Thousands of young people in Hampshire are forced to sleep rough or sofa surf. Supported accommodation or hostels, funded by the council and provided by voluntary sector organisations, have been cut to the bone. In these desperate times, how can we implement changes that materially improve young people’s lives?
Dr Anna Killick of the University of Southampton, a researcher on a Blagrave funded research project with the Southern Policy Centre Help Us Move On argues that we need a national government that gives local councils enough money to solve the housing crisis. In the meantime, we must try to find any local solutions that will improve young people’s lives.
Combining different kinds of local knowledge to achieve change
I advocate that we bring together local knowledge from two sources: young people’s own knowledge and experience and that of those who know local government.
I have been working on a project whose aim is to find solutions to some of the housing and education, training and employment problems facing the most vulnerable young people in Hampshire. The Blagrave Trust’s stipulation as funder of the project was that we should do this in a way that was youth led. We gathered a team of six peer researchers to advise, and in some cases lead, on the research. The Blagrave Trust also wanted us to identify what was achievable and how it could be achieved at the local level, in Hampshire, and we realised we would also need to draw on knowledge of local council structures and finance.
Throughout the research process, the local knowledge of young people combined with the knowledge of local governance in creative and dynamic ways. In this piece I demonstrate this with one example of how the two types of local knowledge helped us identify a problem and then develop a possible local solution, including the strategy for its eventual implementation.
The problem requiring a material solution
Thousands of young people in Hampshire are forced to sleep rough or sofa surf. Supported accommodation or hostels, funded by the council and provided by voluntary sector organisations, have been cut to the bone.

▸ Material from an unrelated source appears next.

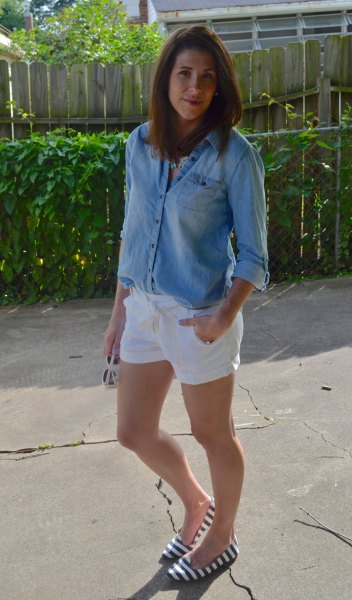 chambray button up shirt with white linen shorts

Even if a young person can get a place in a hostel the chances of them being able to move on from the hostel into independent and more long-term accommodation are slim. Funding for ‘next step’ type accommodation has been cut. Unless the young person has a child, they are unlikely to move fast up any council house waiting list. They can only afford poor quality bed-sits in the private rented sector where they may feel isolated from or scared of the other tenants.
Local knowledge of young peer researchers
From youth worker contacts, we recruited a team of six peer researchers who have direct experience of homelessness or acute housing problems. Aged between 16 and 26 and including some young parents, they come from a range of backgrounds- studying, working, unemployed. They met each week. They contributed their local knowledge to improve the design and analysis of a housing survey, making sure it reached 456 young people through their networks, which no other researcher could have done.
The survey suggested that some young people would consider sharing in the private sector if an agency advised them and helped them do it, for instance by matching them with landlords and co-tenants and helping to iron out any subsequent problems. These shared houses might mean less isolation and higher quality rooms than in the standard ‘multiple occupancy’ bed-sits. We also found local private landlords who rent to students now and are aware that the supply of students is drying up as the volume of purpose built accommodation grows. Some of those landlords could be persuaded to move across into the shared housing market for non-students.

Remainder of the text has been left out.